Format_time patterns

A pattern is used to create a format string. Patterns are based on a simple sequence of letters and symbols which is common in many languages like Java, etc. The supported symbols in Kuiper are

Symbol	Meaning	Example
G	era	G(AD)
Y	year	YYYY(2004), YY(04)
M	month	M(1), MM(01), MMM(Jan), MMMM(January)
d	day of month	d(2), dd(02)
E	day of week	EEE(Mon), EEEE(Monday)
H	hour in 24 hours format	HH(15)
h	hour in 12 hours format	h(2), hh(03)
a	AM or PM	a(PM)
m	minute	m(4), mm(04)
s	second	s(5), ss(05)
S	fraction of second	S(.0), SS(.00), SSS(.000)
z	time zone name	z(MST)
Z	4 digits time zone offset	Z(-0700)
X	time zone offset	X(-07), XX(-0700), XXX(-07:00)
\	Escape character	\Z(Z) \X(X)

Examples:

YYYY-MM-dd T HH:mm:ss -> 2006-01-02 T 15:04:05
YYYY/MM/dd HH:mm:ssSSS XXX -> 2006/01/02 15:04:05.000 -07:00
yyyy-MM-ddTHH:mm:ssSS\ZXX -> 2006-01-02T15:04:05.00Z-0700

INDEXOF

text

indexof(col1, col2)

Returns the first index (0-based) of the second argument as a substring in the first argument.

LENGTH

text

length(col)

Returns the number of characters in the provided string.

LOWER

text

lower(col)

Returns the lowercase version of the given string.

LPAD

text

lpad(col, 2)

Returns the string argument, padded on the left side with the number of spaces specified by the second argument. Notice that, if the second argument is big, the string will take up a lot of memory.

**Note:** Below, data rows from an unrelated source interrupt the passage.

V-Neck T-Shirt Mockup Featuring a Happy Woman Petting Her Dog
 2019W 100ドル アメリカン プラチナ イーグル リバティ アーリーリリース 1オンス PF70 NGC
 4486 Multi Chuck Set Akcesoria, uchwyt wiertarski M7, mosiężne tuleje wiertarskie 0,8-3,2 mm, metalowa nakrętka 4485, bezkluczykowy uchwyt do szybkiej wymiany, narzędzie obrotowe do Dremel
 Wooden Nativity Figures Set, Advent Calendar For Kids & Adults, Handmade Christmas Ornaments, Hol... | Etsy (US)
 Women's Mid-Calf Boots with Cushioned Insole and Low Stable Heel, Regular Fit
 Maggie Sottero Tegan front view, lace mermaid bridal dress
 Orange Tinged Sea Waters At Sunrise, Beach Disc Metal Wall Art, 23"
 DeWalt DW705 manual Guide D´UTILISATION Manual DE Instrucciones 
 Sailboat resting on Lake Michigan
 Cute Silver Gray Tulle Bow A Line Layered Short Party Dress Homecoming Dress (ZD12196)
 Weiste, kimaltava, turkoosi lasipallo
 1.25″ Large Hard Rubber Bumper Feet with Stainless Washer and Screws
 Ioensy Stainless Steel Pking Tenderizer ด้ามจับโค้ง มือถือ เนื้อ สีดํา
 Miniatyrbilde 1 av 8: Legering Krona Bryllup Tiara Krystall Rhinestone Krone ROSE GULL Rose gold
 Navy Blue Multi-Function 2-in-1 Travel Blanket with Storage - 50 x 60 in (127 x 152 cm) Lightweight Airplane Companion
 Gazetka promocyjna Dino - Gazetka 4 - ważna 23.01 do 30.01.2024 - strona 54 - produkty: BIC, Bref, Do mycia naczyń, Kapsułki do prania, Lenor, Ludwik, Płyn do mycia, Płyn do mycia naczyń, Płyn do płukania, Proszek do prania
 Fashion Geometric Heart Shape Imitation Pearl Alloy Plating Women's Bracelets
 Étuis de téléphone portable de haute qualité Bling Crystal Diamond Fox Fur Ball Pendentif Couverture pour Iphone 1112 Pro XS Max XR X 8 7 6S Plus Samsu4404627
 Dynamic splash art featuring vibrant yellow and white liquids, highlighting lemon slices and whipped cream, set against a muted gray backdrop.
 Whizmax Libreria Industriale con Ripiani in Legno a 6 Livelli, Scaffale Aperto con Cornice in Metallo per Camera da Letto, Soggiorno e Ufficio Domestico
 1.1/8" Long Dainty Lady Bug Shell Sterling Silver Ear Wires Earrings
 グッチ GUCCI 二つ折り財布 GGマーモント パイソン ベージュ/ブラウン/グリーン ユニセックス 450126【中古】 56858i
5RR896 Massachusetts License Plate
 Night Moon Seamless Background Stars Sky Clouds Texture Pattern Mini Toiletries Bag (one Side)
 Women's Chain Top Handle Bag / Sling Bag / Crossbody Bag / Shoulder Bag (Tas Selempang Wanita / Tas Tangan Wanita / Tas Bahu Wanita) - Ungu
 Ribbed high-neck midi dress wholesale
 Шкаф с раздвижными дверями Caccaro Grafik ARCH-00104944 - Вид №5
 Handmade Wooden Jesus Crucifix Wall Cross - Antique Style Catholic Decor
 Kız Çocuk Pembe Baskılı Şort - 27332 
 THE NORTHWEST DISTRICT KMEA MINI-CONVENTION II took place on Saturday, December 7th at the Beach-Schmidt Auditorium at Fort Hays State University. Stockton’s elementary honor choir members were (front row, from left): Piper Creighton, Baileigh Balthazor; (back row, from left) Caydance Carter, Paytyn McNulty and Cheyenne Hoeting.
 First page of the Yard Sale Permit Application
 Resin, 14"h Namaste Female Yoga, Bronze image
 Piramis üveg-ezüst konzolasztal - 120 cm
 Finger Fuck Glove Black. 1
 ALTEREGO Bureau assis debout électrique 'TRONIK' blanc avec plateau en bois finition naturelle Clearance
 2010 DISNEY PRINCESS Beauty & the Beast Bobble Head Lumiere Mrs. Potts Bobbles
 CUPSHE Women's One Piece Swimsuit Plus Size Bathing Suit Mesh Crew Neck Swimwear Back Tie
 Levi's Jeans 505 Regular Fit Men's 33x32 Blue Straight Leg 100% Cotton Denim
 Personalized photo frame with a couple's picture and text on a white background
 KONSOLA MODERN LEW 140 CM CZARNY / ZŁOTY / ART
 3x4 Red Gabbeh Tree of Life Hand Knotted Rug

Avoid using a big number as the second argument, for example, use where clause to filter SELECT lpad(col, len) from source WHERE len < 999

LTRIM

text

ltrim(col)

Removes all leading whitespace (tabs and spaces) from the provided string.

NUMBYTES

text

numbytes(col)

Returns the number of bytes in the UTF-8 encoding of the provided string.

REGEXP_MATCHES

text

regexp_matches(col, regex)

Returns true if the string (first argument) contains a match for the regular expression.

REGEXP_REPLACE

text

regexp_replace(col, regex, replacement)

Replaces all substrings of the specified string value that matches regexp with replacement.

REGEXP_SUBSTRING

text

regexp_substring(col, regex)

Returns the first substring of the specified string value that matches regexp.

REVERSE

text

reverse(col)

Returns the reversed string.

RPAD

text

rpad(col, 2)

Returns the string argument, padded on the right side with the number of spaces specified by the second argument. Notice that, if the second argument is big, the string will take up a lot of memory. Avoid using a big number as the second argument, for example, use where clause to filter SELECT rpad(col, len) from source WHERE len < 999999

RTRIM

text

rtrim(col)

Removes all trailing whitespace (tabs and spaces) from the provided string.

SUBSTRING

text

substring(col, start, length)

Returns the substring of the specified string value starting at the specified index position (0-based, inclusive) for up to the specified length of characters.

STARTSWITH

text

startswith(col, str)

Returns a boolean indicating whether the first string argument starts with the second string argument.

SPLIT_VALUE

text

split_value(col, str_splitter, index)

Split the value of the 1st parameter with the 2nd parameter, and return the value of split array that indexed with the 3rd parameter.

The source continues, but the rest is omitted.